OSHA takes aim at heat stress in both outdoor and indoor workplaces
While heat illness is largely preventable, thousands of workers are sickened each year by workplace heat exposure. In fact, 43 workers died from heat illness in 2019, and at least 2,410 others suffered serious injuries and illnesses, according to OSHA, who notes that many heat illnesses go unreported.
To better protect heat-exposed workers, OSHA is:
Launching a rulemaking process to develop a workplace heat standard:
OSHA is announcing the issuance of an Advance Notice of Proposed Rulemaking (ANPRM) on heat illness prevention in outdoor and indoor work settings. This is a significant step toward a federal heat standard to ensure protections in workplaces across the country. The ANPRM, to be published in Fall 2021, will initiate a comment period allowing for OSHA to gather diverse perspectives and technical expertise on topics including heat stress thresholds, heat acclimatization planning, and exposure monitoring.

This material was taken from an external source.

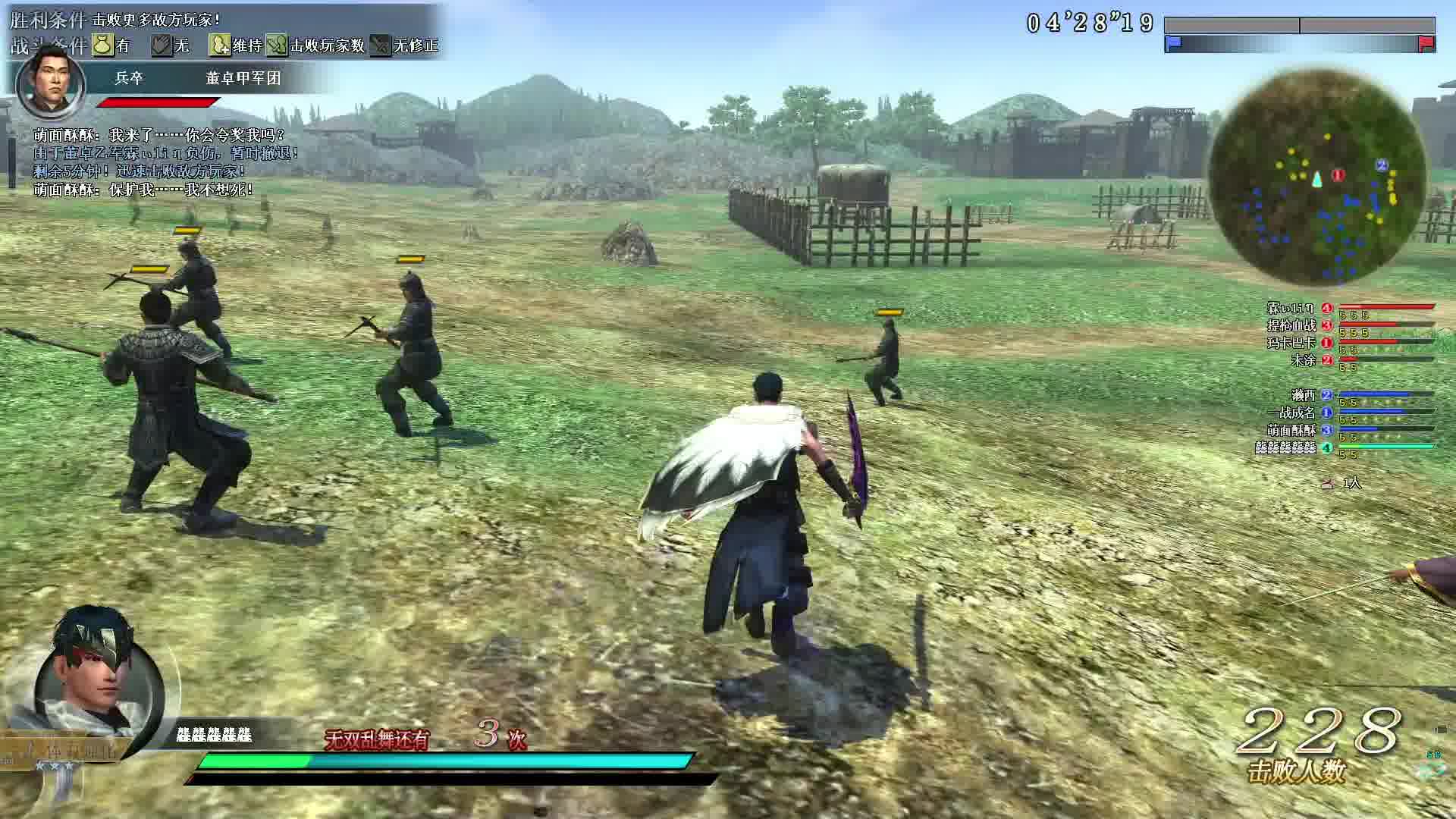 安装了火箭的狱刀你们追不上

Implementing an enforcement initiative on heat-related hazards:
In parallel with beginning rulemaking on a heat-specific standard, OSHA can use existing tools to protect workers in hazardously hot indoor and outdoor settings. Through a new enforcement initiative, OSHA will prioritize heat-related interventions and workplace inspections on days when the heat index exceeds 80°F. On these days, OSHA Area Directors will dedicate additional resources in responding to heat-related complaints and expand the scope of programmed and unprogrammed inspections to address heat-related hazards. In addition to shaping the focus of OSHA field staff, this initiative also will expand on OSHA’s campaign to educate and assist employers on heat illness prevention.

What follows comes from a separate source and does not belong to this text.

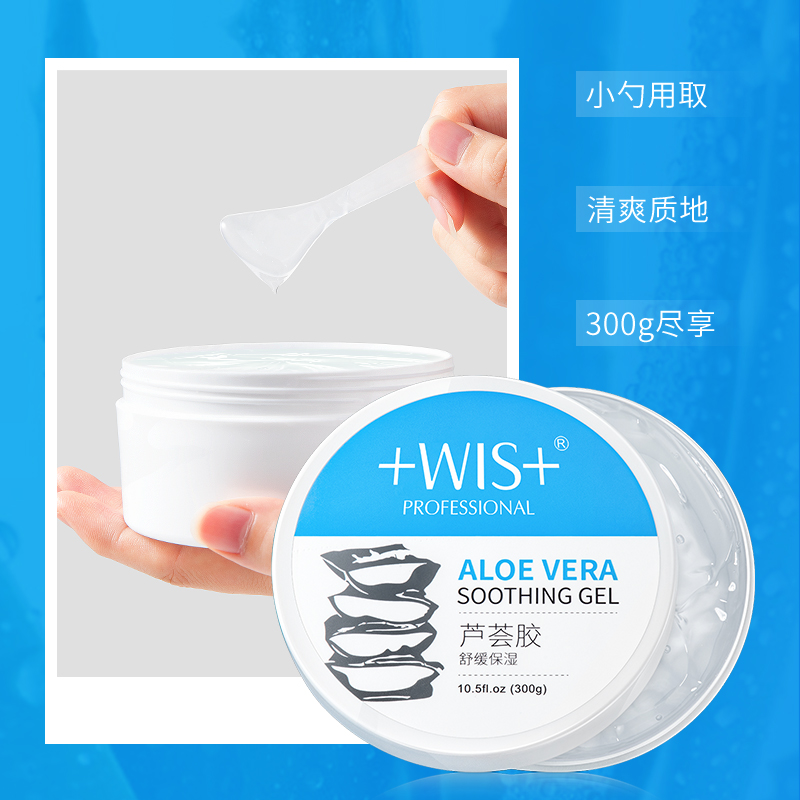 WIS旗舰店WIS芦荟胶 清爽补水保湿润泽肌肤修护舒缓乳液面霜护肤女男士正品3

Developing a National Emphasis Program on heat inspections:
OSHA is also working to formalize a National Emphasis Program (NEP) on heat hazard cases, which will target high-risk industries and focus OSHA resources and staff time on heat inspections. Establishing a new NEP requires extensive data review, which OSHA is working to complete in order for the NEP to take effect before the Summer 2022 heat season. In doing so, OSHA will build on the existing Regional Emphasis Program for Heat Illnesses in Region VI, which covers Arkansas, Louisiana, New Mexico, Oklahoma, and Texas.

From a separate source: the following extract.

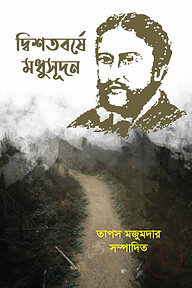 দ্বিশতবর্ষে মধুসূদন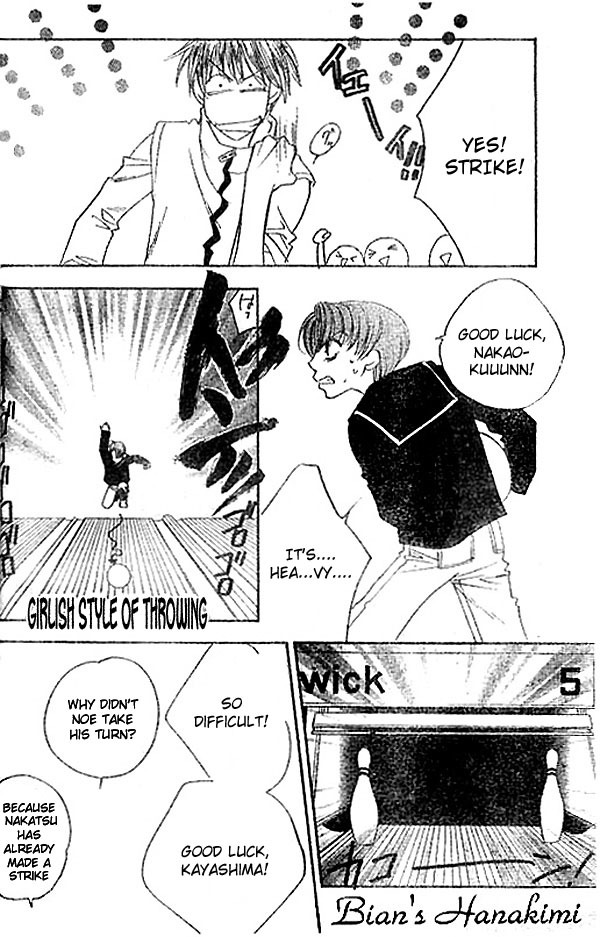 Read Hana-Kimi EN Manga Online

Indoor heat hazards also covered
The OSHA heat initiative covers both outdoor and indoor workplaces. Typical indoor worksites where heat-related illnesses may occur include foundries, brick-firing and ceramic plants, glass production facilities, rubber products factories, electrical utilities (particularly boiler rooms), bakeries, confectioneries, commercial kitchens, laundries, food canneries, warehouses without adequate climate control, chemical plants, and smelters.